I know what you're talking about. I like to err on the side of slim/slight/caution.
I showed one of my crew how to use the lighting software and the idiot went right to the strobes and kept strobes going damn near the whole time. I was yelling at him "KNOCK OFF THE STROBES" but he wouldn't listen. If I didn't have to ride the faders like a maniac at the sound console, I'd have yanked the DMX cable out and just let the room run dark and let the guy in the projection booth just use the spot.
Sound should be used to bring out and enhance the performance. Likewise, lighting SHOULD be complimentary and augment the performance, not DISTRACT from it. Yes, lighting can be easier to cause distractions with, and sometimes lighting can be a distraction. However, if the distraction is done for artistic purposes, then it's fine.
OK, let's pull this back on topic. How to trigger a strobe within a scene? Well, there are a few ways of doing it. Neither are all that great and some will work better than others.
1: Are you using a dedicated strobe fixture? It really makes a difference. Use the channels assigned to it and drag them up/down as necessary.
2: use a MIDI controller and bring channels up and down. It may be easier for you to do it this way. It is for me.

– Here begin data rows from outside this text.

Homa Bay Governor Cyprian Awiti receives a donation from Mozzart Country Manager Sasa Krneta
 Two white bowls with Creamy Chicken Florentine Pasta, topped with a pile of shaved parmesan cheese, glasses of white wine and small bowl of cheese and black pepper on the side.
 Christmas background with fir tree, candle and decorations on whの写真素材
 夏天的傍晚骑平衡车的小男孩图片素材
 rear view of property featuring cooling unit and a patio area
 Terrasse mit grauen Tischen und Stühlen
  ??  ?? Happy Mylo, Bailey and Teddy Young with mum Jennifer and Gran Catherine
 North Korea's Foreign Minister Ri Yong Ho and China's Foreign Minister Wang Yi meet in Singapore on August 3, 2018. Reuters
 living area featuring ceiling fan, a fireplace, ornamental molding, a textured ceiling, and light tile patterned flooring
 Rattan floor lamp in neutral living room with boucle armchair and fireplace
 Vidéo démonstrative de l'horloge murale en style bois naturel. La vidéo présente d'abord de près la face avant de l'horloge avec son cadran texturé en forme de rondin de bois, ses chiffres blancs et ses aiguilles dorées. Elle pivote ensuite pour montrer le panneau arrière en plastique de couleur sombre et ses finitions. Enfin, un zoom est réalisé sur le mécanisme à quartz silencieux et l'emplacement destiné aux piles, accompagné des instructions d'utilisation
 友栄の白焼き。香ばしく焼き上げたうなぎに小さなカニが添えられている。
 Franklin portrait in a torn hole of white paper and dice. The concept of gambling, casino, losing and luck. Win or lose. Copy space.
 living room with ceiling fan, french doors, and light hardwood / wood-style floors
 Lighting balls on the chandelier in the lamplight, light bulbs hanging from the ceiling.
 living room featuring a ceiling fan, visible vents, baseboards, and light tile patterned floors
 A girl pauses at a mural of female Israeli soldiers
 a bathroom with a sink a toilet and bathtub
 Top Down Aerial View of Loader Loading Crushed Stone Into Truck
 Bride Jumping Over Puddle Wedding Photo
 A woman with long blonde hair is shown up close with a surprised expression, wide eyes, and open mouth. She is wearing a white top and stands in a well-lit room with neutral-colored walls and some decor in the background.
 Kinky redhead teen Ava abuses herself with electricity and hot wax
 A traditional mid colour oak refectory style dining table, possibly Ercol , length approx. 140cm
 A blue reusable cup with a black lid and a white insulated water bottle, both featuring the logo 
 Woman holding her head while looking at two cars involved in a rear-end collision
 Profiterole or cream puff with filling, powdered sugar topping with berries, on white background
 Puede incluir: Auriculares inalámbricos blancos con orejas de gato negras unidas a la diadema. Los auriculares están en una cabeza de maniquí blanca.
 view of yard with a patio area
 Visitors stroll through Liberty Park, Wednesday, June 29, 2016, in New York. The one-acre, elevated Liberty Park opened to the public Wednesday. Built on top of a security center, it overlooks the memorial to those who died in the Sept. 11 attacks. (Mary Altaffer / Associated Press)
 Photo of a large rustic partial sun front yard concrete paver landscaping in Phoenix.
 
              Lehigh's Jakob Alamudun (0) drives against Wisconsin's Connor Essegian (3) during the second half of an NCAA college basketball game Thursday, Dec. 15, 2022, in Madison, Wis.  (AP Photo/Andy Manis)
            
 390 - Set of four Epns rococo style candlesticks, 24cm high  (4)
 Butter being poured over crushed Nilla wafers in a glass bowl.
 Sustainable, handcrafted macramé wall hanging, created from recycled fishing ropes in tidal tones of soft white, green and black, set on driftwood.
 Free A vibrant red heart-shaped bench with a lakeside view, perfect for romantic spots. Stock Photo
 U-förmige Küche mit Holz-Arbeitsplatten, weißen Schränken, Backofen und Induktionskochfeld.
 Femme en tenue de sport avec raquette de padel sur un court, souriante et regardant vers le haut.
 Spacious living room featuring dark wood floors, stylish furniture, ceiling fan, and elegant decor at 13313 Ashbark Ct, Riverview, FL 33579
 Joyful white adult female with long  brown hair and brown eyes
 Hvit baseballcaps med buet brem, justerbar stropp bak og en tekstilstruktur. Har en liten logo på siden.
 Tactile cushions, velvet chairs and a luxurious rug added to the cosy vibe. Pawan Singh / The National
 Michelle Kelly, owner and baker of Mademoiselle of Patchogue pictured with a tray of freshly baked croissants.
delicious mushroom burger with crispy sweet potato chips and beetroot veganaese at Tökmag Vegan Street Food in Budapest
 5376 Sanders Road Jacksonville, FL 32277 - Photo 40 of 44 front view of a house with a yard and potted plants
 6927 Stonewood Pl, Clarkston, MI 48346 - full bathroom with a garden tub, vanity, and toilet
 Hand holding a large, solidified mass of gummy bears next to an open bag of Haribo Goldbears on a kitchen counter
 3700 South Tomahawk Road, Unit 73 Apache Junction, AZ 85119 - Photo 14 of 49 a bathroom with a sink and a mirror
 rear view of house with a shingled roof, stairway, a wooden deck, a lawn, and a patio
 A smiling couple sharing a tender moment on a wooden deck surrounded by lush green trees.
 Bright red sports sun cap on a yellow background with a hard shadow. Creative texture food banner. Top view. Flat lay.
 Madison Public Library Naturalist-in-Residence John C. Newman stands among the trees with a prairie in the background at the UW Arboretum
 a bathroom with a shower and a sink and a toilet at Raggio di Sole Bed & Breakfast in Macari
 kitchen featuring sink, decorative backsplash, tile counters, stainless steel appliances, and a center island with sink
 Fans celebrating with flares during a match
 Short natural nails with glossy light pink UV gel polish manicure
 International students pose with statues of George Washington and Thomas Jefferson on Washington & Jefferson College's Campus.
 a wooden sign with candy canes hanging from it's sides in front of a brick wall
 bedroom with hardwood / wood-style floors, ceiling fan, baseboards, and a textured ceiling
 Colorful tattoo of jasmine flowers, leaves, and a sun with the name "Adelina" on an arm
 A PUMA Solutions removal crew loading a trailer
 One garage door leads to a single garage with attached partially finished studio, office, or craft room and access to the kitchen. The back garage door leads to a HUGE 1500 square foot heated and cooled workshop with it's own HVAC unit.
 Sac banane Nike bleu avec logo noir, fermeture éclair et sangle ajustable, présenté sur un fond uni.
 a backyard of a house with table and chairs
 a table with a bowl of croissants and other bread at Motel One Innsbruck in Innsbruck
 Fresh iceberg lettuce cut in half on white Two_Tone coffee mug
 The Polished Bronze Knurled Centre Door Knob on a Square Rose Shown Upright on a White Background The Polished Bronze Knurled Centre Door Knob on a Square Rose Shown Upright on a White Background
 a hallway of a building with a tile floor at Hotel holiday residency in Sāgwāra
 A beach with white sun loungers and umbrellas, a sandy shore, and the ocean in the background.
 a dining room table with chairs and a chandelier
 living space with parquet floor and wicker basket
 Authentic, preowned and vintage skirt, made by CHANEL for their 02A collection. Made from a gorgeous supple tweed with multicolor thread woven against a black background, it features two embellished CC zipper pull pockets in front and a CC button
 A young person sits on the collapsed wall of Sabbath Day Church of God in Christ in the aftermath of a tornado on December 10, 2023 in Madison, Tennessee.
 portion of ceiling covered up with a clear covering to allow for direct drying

3: Another option works good with wash scenes. You can make a second scene. For example, make a blue wash scene. Then copy this and add the strobe to it. My suggestion is to have the strobe run for a certain amount of time and intensity and then have it exit back to the simple blue wash scene when done. This option aso works good with fixtures that wash and strobe. This is how I do it.
Other than that, I see you needing to make lots of scenes. Organize and label properly.
Remember, MyDMX is more designed to be a beginner package. it packs a lot, but it can't do it all.